King Shaka, Shaka kaSenzangakhona (Shaka son of Senzangakhona), or Shaka Zulu, is known today as the founder of the Zulu Empire or Zululand. He ruled from 1816 to 1828, and was one of the most influential monarchs of the Zulu, responsible for re-organizing the Zulu military into a formidable force via a series of wide-reaching and influential reforms; thus he was responsible for uniting small Zulu clans to form an impressive Empire which was a real threat to European advances in the region. Shaka was a master military strategist who revolutionized the Zulu military by dividing his army into components, sometimes on the basis of age and fighting strength. For example, he tasked young boys, perhaps in their early teens, with transporting military supplies. This allowed his fighting machine to move very quickly during raids or conquests. When Shaka first became king, the Zulu were a cluster of tribes of less than 2000 people; by the end of his reign, the population was 250,000 people, an impressive growth for a 12-year reign.
Nathaniel Isaacs, a British explorer met King Shaka. Below is a portrait he made of King Shaka found in N. Isaacs, Travels and Adventures in Eastern Africa Vol I, 1836.
“In the evening, at the request of the king, we joined in their amusements, and could not … avoid singing: we commenced with ‘God save the King.’ On our explaining its literal meaning, Chaka was highly pleased; in fact, there was nothing but good humour to be observed in the countenances of every one present.
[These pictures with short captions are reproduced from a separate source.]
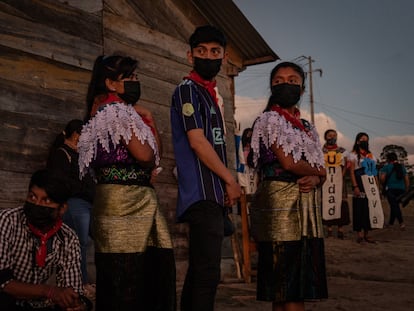 Integrantes de Ejército Zapatista de Liberación Nacional, en el VIII Caracol Dolores Hidalgo, en Chiapas, el 31 de diciembre de 2023.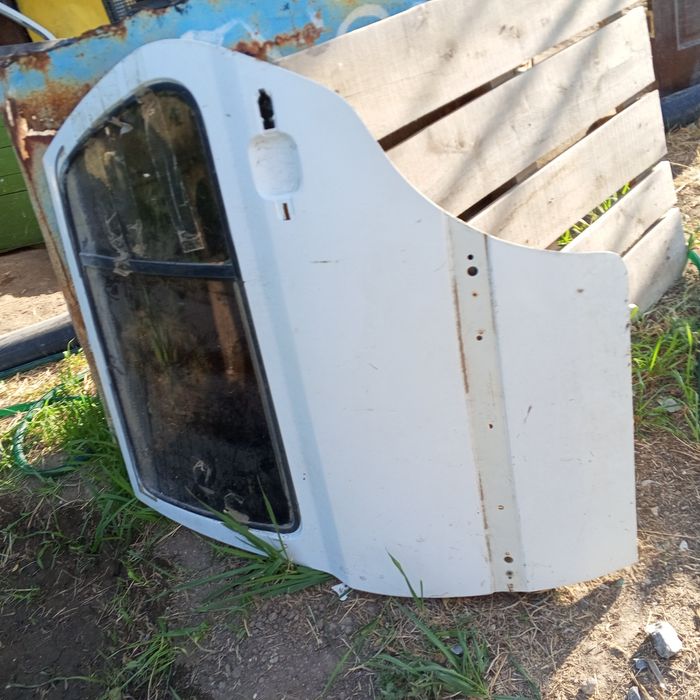 Двери на Гольф 3 Фольксваген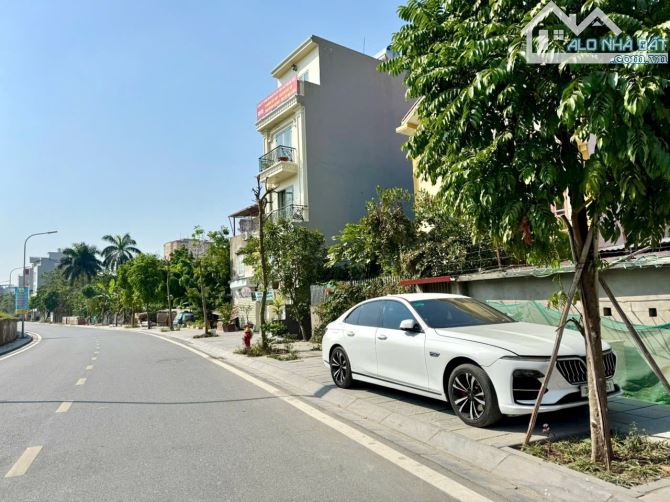 Khuôn tiền hiếm 8.x Tỷ - Phúc Lợi, Hàng xóm vin, Vỉa hè 4 Oto tránh kinh doanh - 2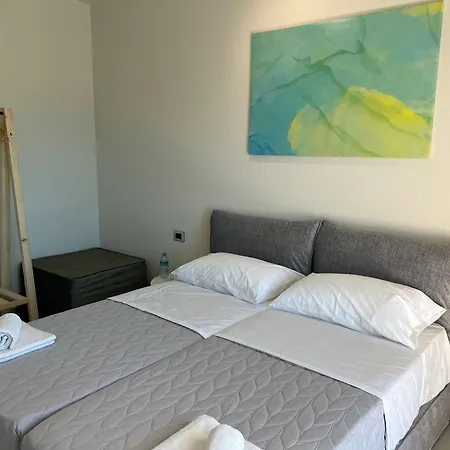 Stay-five Modern Self Check-in & Fast Wi-fi Shkoder
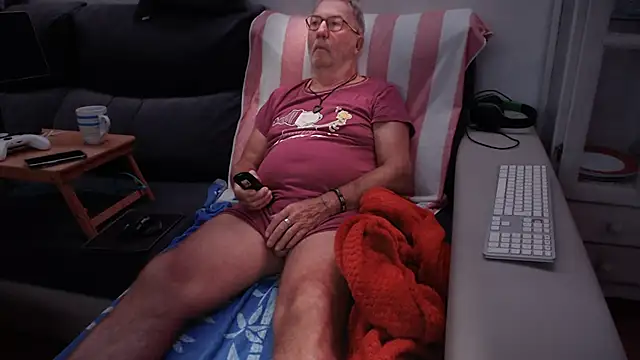 Snapshot of Nudelschwanz chatting on 10, 10, 2025 Nudelschwanz online show from 10, 10, 2025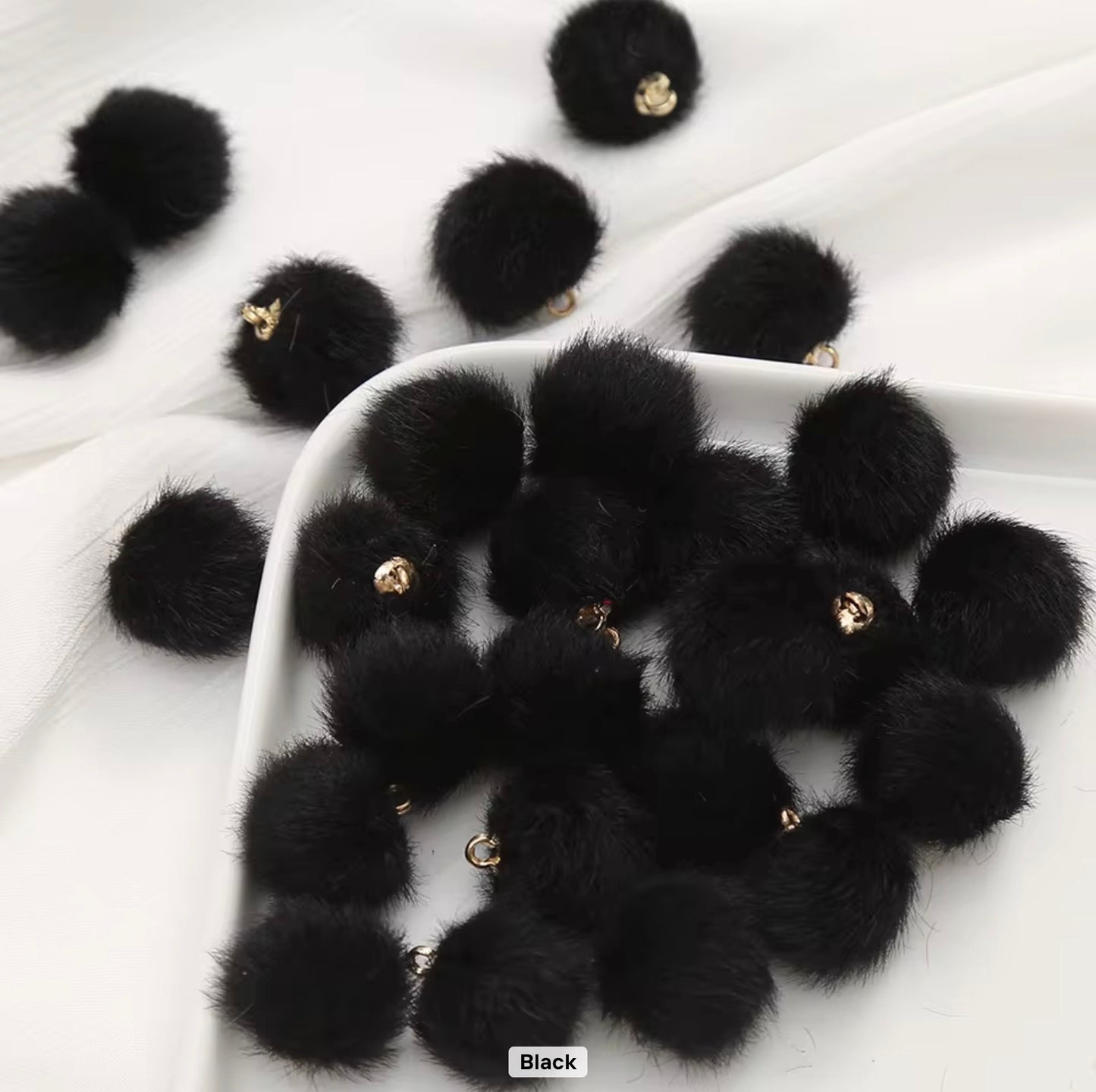 Fluffy pendant beads 20pcs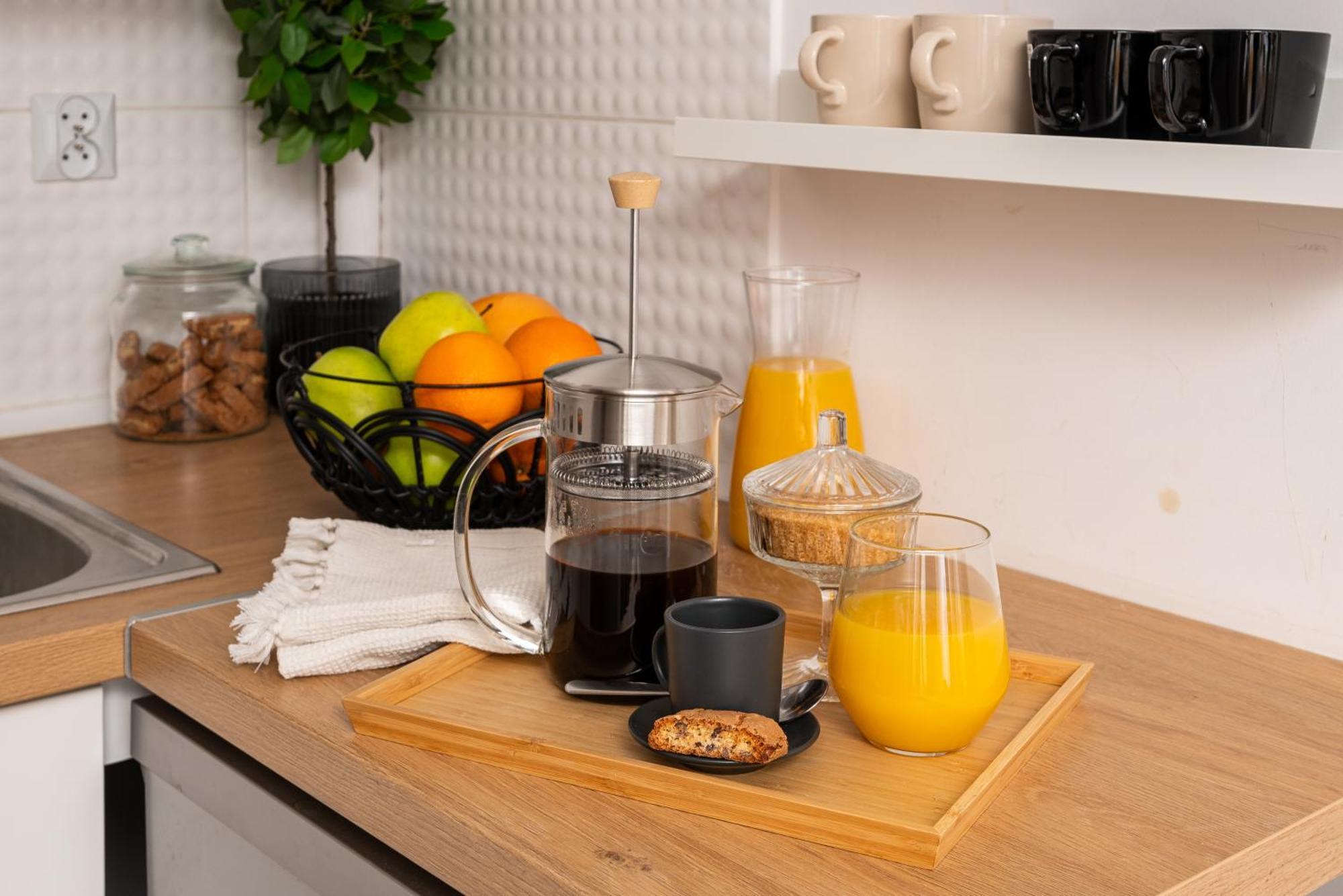 Air-conditioned Gatawaystudio 900m From Station, Parking On Site Apartament Warszawa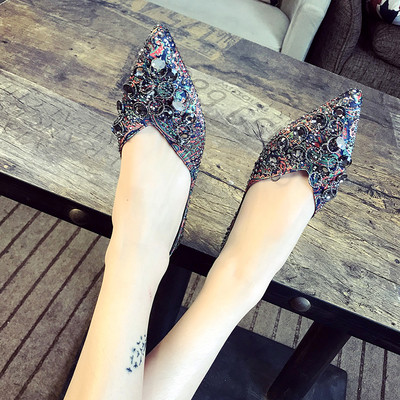 Модерни дамски обувки с декоративни камъни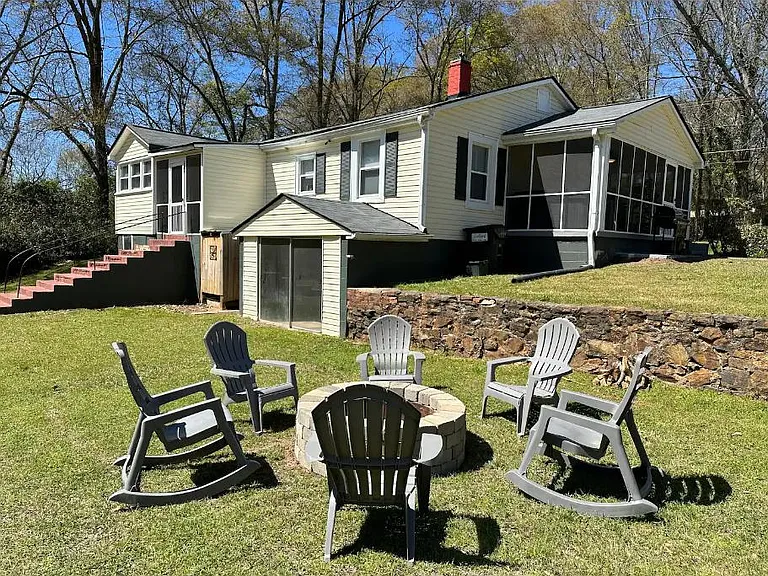 483 Seavy St — Photo 4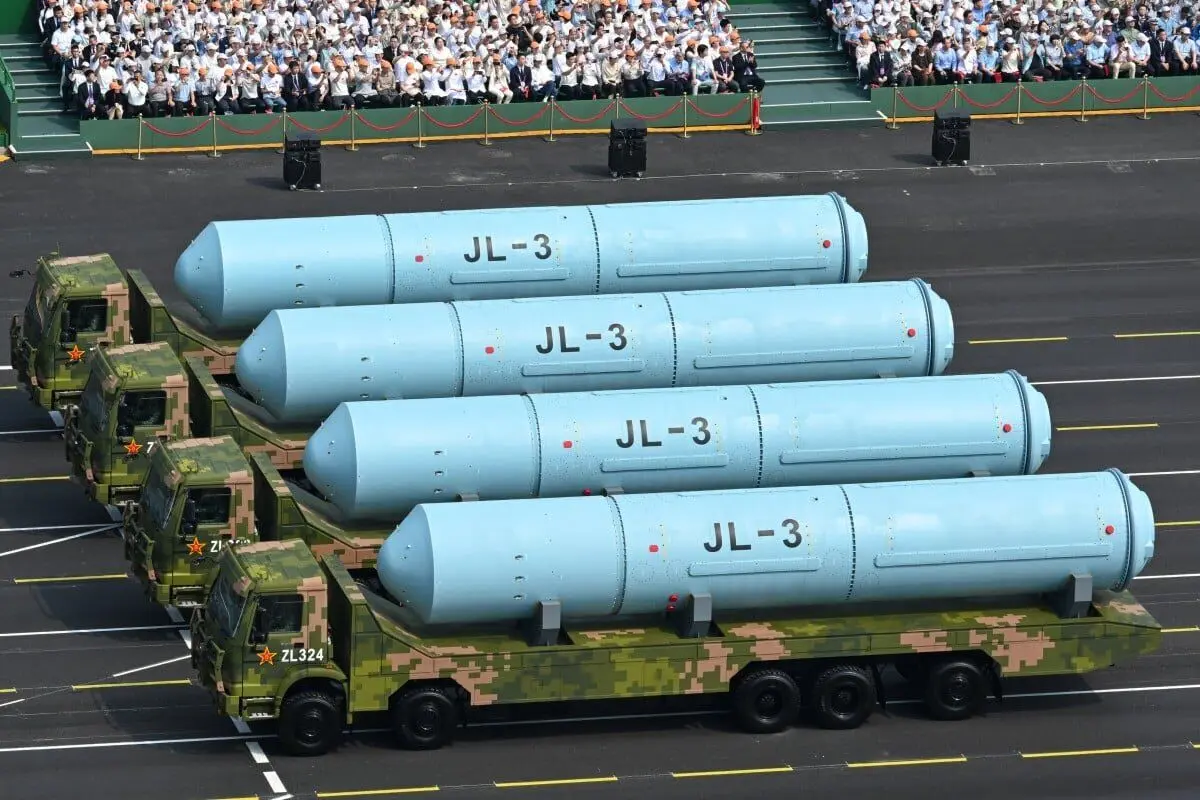موشک اتمی جدید چین که از زیردریایی پرتاب می‌شود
The party broke up at a late hour; and, as is usual, in the morning we paid the king an early visit. We now expressed a wish to see him in his war dress; he immediately retired, and in a short time returned attired: his dress consists of monkeys’ skins, in three folds from his waist to the knee, from which two white cows’ tails are suspended, as well as from each arm; round his head is a neat band of fur stuffed, in front of which is placed a tall feather, and on each side a variegated plume. He advanced with his shield, an oval about four feet in length, and an umconto, or spear, when his warriors commenced a war song, and he began his maneuvres. Chaka is about thirty-eight years of age, upwards of six feet in height, and well proportioned: he is allowed to be the best pedestrian in his country, and, in fact, during his wonderful exercises this day he exhibited the most astonishing activity.”